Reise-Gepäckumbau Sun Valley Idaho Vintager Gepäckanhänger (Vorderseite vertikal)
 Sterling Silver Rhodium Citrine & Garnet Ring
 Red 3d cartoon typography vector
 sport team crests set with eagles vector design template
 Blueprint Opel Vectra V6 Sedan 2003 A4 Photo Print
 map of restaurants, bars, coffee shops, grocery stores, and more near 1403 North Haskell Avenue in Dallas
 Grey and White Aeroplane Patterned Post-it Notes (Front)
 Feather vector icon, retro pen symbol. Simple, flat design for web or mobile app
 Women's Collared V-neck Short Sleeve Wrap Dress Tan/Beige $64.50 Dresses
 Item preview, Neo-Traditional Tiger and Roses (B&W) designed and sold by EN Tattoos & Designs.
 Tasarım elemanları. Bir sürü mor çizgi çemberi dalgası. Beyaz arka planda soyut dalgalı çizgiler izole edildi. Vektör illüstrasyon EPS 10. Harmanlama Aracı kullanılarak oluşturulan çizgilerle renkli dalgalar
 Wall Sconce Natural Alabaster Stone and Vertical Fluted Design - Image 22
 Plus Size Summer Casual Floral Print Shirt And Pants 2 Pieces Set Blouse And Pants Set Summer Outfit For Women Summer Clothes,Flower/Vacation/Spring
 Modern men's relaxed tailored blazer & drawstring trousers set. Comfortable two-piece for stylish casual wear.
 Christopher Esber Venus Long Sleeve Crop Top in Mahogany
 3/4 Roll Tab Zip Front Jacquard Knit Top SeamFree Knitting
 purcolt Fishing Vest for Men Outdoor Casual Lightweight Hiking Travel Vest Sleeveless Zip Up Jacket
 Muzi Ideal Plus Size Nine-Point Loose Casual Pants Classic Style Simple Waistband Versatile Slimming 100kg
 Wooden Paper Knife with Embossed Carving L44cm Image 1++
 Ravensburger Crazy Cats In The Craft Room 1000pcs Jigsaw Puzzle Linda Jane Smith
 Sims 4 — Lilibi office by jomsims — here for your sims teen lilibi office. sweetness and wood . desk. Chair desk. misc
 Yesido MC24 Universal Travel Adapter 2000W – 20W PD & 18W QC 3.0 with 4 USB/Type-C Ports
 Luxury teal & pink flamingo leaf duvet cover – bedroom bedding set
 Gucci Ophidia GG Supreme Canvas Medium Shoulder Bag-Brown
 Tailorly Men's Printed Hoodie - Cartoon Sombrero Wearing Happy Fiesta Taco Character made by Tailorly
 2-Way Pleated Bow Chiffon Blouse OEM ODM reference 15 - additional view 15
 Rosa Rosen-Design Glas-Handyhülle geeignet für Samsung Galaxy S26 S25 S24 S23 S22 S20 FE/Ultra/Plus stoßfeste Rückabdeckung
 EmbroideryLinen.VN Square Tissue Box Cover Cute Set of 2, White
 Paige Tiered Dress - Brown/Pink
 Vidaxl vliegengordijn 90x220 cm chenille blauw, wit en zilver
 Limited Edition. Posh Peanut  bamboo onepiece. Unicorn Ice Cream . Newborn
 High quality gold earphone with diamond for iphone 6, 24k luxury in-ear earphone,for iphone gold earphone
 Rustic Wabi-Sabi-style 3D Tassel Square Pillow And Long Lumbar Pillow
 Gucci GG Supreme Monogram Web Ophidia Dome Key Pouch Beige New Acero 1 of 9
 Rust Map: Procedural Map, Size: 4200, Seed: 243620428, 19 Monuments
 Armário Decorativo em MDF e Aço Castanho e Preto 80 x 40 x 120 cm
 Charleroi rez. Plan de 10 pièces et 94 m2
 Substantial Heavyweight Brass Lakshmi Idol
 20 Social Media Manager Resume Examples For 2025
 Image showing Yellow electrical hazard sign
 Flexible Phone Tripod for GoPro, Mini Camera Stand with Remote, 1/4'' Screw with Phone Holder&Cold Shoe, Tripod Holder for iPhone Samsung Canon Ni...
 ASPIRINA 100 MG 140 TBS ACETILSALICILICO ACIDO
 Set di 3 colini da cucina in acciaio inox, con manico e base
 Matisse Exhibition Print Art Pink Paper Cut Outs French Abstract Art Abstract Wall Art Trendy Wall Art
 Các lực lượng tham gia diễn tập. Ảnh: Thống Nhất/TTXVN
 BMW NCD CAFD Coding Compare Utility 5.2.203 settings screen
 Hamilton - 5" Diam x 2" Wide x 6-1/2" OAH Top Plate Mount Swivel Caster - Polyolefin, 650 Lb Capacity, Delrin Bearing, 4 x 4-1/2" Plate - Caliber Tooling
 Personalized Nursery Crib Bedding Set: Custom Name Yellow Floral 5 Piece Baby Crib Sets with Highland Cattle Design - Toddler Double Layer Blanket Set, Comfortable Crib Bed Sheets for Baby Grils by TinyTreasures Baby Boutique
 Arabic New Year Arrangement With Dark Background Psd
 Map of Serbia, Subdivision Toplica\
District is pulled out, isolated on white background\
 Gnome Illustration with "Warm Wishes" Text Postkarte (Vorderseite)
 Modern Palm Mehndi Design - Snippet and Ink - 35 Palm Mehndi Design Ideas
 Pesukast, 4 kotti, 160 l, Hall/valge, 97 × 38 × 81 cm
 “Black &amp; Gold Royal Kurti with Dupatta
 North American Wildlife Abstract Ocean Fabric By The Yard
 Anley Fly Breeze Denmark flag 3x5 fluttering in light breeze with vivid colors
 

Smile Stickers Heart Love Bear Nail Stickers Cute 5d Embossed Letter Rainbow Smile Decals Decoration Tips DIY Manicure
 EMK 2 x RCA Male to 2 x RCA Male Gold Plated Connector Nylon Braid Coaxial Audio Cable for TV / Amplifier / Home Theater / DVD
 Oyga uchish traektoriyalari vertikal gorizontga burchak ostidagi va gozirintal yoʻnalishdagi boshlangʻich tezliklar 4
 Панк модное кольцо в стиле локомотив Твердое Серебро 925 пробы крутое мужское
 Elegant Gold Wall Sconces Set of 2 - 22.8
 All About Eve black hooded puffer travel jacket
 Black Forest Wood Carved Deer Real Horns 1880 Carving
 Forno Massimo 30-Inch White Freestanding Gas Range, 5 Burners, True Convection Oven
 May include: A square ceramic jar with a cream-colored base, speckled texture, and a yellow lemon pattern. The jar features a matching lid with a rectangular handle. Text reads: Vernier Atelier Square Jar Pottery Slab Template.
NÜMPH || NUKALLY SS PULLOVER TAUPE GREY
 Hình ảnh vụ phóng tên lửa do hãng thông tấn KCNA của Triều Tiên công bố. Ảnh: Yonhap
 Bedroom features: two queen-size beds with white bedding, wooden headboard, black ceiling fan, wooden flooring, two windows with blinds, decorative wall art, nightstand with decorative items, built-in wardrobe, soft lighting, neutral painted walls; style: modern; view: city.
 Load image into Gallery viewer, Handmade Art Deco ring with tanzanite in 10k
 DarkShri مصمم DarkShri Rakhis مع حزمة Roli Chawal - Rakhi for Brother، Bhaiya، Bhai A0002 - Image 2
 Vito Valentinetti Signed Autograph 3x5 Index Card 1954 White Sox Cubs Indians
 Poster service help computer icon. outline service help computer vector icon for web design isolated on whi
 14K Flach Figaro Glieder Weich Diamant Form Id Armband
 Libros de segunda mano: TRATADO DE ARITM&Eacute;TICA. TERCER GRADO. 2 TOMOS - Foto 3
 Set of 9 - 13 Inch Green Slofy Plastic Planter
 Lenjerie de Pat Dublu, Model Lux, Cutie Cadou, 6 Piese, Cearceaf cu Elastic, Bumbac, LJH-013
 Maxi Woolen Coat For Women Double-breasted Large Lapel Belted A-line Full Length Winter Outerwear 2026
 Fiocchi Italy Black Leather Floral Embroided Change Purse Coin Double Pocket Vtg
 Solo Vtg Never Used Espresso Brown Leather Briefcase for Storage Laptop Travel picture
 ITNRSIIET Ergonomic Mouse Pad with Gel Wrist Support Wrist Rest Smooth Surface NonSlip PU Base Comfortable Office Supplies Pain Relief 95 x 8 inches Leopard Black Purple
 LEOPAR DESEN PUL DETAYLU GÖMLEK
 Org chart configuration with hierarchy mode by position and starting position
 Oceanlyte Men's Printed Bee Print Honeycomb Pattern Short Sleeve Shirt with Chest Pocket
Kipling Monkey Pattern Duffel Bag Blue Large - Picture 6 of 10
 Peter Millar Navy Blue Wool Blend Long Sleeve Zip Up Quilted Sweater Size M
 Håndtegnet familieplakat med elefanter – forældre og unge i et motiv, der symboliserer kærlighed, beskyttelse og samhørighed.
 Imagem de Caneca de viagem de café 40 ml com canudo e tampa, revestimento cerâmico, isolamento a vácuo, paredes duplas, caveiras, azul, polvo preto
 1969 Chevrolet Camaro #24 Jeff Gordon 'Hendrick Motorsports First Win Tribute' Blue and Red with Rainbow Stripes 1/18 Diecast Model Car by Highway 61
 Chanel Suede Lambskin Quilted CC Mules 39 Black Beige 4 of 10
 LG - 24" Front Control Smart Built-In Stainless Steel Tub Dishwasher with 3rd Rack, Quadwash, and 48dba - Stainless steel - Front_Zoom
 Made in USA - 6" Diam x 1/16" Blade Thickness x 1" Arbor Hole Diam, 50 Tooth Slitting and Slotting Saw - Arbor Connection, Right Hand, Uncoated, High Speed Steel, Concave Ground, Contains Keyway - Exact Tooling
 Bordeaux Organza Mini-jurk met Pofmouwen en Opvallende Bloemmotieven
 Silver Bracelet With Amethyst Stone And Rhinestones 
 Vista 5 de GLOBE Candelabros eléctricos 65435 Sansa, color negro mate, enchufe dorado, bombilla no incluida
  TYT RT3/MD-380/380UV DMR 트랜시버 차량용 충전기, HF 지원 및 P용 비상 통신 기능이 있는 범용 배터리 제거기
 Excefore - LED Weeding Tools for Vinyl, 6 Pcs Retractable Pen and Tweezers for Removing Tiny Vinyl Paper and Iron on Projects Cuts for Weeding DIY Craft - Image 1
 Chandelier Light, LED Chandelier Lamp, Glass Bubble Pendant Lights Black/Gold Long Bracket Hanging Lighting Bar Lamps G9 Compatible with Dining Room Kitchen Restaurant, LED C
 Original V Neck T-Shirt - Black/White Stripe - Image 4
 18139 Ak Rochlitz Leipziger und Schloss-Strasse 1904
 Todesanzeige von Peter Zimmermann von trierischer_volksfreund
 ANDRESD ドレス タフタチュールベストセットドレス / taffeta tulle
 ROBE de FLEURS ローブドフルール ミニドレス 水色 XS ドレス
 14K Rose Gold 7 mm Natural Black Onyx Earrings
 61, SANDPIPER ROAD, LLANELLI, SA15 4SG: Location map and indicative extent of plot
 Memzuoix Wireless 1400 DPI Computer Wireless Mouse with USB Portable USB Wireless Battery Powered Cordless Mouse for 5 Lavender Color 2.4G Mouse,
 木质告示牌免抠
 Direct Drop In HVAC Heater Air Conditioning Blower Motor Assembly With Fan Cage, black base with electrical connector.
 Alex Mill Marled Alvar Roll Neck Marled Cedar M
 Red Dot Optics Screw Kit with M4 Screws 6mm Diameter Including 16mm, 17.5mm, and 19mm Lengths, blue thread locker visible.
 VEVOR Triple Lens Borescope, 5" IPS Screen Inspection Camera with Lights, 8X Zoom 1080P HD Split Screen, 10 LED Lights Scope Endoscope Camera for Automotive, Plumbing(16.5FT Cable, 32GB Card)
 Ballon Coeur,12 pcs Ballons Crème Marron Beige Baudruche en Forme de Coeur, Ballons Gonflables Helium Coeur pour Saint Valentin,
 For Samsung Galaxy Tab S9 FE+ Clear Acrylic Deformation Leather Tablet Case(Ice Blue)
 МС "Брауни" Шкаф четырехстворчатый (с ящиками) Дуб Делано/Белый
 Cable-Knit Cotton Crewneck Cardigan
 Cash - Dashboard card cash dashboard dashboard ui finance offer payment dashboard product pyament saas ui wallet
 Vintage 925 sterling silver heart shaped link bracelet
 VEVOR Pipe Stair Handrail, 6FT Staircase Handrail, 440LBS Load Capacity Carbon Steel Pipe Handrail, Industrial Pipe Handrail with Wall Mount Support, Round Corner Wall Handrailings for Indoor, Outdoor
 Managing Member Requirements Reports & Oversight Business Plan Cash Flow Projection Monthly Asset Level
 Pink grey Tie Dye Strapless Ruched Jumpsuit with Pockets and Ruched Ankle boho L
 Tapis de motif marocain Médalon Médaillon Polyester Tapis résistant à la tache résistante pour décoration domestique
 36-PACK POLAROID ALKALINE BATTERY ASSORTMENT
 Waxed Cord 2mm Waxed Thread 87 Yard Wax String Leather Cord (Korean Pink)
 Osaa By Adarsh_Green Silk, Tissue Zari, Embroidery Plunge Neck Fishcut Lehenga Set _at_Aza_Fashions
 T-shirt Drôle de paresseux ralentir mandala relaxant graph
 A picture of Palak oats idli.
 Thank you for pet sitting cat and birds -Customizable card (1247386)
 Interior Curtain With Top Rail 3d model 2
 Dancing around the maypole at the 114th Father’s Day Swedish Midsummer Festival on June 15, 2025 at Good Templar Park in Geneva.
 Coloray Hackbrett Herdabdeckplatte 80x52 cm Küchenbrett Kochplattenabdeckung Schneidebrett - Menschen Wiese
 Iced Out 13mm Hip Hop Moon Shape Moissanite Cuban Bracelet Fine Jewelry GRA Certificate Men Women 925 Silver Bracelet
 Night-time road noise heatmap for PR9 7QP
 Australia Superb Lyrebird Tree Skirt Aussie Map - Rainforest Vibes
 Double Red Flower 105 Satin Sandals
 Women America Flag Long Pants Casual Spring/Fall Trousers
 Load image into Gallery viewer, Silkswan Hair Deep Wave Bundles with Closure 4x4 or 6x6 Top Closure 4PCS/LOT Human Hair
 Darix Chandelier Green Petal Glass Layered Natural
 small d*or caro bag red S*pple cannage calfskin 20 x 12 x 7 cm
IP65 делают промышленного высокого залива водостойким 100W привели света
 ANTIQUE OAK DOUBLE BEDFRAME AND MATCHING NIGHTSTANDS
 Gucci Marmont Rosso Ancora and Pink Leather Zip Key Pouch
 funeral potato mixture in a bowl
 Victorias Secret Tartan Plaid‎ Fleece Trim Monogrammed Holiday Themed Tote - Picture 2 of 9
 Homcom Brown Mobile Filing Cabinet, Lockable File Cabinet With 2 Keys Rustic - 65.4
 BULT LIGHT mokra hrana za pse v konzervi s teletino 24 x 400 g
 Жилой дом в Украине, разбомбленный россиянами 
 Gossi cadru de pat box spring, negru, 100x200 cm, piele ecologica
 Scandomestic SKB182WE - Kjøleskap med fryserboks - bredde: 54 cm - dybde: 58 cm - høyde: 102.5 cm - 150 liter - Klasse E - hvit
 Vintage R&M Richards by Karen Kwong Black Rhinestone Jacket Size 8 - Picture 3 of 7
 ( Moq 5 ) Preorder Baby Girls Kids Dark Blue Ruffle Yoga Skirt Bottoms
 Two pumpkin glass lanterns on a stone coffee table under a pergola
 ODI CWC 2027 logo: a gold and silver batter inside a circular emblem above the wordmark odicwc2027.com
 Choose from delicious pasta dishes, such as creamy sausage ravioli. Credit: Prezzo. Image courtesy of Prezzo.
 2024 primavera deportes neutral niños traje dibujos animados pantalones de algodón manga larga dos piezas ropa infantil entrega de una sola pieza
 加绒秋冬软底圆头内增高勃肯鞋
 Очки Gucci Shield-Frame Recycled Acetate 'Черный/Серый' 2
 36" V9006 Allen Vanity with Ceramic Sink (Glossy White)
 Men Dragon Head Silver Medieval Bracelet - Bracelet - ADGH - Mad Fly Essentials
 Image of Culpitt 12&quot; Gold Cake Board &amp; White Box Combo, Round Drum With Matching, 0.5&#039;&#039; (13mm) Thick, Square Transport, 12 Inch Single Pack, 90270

....

> [How to complete this task]: Of the entries above, repeat exactly the lines from the line with "Flexible Phone Tripod" through the line with "Set di 3 colini", both of them included.

> [Exercise response]:
 Flexible Phone Tripod for GoPro, Mini Camera Stand with Remote, 1/4'' Screw with Phone Holder&Cold Shoe, Tripod Holder for iPhone Samsung Canon Ni...
 ASPIRINA 100 MG 140 TBS ACETILSALICILICO ACIDO
 Set di 3 colini da cucina in acciaio inox, con manico e base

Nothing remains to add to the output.